INFORMATION GIVEN below:

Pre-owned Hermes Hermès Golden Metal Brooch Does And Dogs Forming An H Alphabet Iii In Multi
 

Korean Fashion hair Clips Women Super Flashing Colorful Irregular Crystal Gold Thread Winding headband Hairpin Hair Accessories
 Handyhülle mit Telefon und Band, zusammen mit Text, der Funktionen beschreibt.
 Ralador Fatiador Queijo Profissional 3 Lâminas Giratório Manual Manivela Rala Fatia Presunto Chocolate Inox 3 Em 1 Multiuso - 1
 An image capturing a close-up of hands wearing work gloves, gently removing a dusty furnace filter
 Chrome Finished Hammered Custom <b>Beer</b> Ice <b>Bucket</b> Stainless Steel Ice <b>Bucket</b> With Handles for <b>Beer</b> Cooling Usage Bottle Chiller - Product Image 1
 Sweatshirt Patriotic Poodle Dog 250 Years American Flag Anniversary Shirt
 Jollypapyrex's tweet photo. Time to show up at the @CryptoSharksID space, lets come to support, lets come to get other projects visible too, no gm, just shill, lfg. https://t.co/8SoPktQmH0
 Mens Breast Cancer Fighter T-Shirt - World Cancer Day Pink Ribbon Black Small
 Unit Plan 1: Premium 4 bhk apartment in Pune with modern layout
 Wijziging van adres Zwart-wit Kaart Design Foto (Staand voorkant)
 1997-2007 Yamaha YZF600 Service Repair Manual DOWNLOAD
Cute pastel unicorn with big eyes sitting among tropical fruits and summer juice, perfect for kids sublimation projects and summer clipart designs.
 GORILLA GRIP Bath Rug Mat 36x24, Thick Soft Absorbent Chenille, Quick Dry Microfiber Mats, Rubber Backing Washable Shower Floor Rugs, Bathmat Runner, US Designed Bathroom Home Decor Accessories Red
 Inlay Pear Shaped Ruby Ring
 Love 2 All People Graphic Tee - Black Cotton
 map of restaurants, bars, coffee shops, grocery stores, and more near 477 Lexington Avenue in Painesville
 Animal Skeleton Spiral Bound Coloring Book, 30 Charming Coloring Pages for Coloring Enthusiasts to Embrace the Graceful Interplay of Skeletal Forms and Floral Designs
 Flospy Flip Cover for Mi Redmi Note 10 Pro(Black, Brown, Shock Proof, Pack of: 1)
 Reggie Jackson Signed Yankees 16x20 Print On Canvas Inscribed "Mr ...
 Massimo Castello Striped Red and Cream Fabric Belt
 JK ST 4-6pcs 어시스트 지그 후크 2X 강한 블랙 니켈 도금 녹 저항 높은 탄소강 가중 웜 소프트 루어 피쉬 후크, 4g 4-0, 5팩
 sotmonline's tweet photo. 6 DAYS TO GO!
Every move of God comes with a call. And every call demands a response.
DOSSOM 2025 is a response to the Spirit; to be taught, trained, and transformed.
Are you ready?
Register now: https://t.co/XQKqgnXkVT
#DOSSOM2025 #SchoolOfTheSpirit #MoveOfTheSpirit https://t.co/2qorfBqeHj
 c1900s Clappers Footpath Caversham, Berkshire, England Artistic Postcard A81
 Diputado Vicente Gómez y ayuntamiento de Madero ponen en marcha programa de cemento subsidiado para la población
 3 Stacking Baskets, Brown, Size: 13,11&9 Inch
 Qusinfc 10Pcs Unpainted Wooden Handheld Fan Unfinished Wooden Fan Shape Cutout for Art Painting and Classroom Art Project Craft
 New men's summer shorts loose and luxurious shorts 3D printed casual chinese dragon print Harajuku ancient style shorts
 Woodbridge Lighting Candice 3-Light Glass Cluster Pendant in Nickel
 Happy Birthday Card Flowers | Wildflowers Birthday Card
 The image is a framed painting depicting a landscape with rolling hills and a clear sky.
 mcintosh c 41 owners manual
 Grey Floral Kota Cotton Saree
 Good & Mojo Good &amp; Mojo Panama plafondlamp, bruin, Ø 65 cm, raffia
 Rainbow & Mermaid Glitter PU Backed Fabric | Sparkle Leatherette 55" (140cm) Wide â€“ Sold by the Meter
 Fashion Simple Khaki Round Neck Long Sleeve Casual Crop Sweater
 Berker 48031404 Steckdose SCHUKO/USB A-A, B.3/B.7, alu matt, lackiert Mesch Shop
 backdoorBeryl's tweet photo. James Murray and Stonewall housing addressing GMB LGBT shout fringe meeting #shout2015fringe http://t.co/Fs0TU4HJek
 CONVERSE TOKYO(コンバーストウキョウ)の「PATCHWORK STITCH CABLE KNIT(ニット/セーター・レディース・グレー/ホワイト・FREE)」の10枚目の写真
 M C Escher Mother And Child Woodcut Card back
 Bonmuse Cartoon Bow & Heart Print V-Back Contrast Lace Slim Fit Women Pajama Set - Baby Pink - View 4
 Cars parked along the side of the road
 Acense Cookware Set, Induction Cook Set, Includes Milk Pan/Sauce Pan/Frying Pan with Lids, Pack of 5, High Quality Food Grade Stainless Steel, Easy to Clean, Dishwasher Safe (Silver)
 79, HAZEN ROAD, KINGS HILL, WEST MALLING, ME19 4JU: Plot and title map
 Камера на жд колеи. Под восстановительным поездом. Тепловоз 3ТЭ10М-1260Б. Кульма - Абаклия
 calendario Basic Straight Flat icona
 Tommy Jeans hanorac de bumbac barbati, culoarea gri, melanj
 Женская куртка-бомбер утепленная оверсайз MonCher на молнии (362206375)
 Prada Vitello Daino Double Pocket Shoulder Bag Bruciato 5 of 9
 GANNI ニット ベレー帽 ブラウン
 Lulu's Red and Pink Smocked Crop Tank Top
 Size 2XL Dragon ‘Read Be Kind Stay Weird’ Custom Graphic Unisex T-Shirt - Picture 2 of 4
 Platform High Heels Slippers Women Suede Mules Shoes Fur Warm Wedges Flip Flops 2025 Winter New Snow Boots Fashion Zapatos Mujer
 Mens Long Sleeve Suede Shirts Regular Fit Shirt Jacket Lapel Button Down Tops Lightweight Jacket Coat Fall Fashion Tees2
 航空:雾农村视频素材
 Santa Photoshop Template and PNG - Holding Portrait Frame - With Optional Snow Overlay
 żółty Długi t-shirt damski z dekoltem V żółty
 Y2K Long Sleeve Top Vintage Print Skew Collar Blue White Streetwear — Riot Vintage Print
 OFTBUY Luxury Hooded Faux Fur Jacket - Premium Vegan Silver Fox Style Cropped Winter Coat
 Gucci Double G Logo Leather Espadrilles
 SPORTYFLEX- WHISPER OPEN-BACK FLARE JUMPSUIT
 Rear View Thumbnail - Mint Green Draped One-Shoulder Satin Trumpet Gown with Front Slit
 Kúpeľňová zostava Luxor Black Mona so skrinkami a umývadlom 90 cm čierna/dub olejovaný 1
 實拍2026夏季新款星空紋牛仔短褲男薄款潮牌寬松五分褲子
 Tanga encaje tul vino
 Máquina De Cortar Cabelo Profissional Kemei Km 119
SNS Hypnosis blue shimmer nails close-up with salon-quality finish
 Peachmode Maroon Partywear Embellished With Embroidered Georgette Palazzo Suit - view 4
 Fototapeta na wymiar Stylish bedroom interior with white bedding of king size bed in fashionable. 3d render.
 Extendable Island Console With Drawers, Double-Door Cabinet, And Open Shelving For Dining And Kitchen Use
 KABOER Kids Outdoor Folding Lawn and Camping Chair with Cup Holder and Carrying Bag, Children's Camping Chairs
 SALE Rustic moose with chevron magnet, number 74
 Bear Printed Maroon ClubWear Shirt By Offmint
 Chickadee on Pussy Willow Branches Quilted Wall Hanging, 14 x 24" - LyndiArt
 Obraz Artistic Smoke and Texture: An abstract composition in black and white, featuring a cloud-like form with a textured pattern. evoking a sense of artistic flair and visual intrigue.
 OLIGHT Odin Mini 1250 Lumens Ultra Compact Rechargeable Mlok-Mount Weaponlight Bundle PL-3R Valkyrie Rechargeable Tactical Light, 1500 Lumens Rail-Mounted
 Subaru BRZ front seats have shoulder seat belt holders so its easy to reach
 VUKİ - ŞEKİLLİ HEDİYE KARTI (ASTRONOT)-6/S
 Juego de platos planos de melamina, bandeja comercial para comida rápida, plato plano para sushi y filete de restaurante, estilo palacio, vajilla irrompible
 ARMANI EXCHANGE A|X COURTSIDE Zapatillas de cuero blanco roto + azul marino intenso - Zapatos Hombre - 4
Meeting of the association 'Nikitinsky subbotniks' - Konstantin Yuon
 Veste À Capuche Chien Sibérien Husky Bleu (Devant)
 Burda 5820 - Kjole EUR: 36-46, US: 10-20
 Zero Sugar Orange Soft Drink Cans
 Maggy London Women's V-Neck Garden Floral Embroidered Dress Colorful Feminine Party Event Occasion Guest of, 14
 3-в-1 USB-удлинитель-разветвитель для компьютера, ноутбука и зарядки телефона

End of INFORMATION GIVEN.

(WHAT YOU HAVE TO DO)
Select the lines in this material that hold the word "Pink", leaving none out.

(RESULT)
 Mens Breast Cancer Fighter T-Shirt - World Cancer Day Pink Ribbon Black Small
 Bonmuse Cartoon Bow & Heart Print V-Back Contrast Lace Slim Fit Women Pajama Set - Baby Pink - View 4
 Lulu's Red and Pink Smocked Crop Tank Top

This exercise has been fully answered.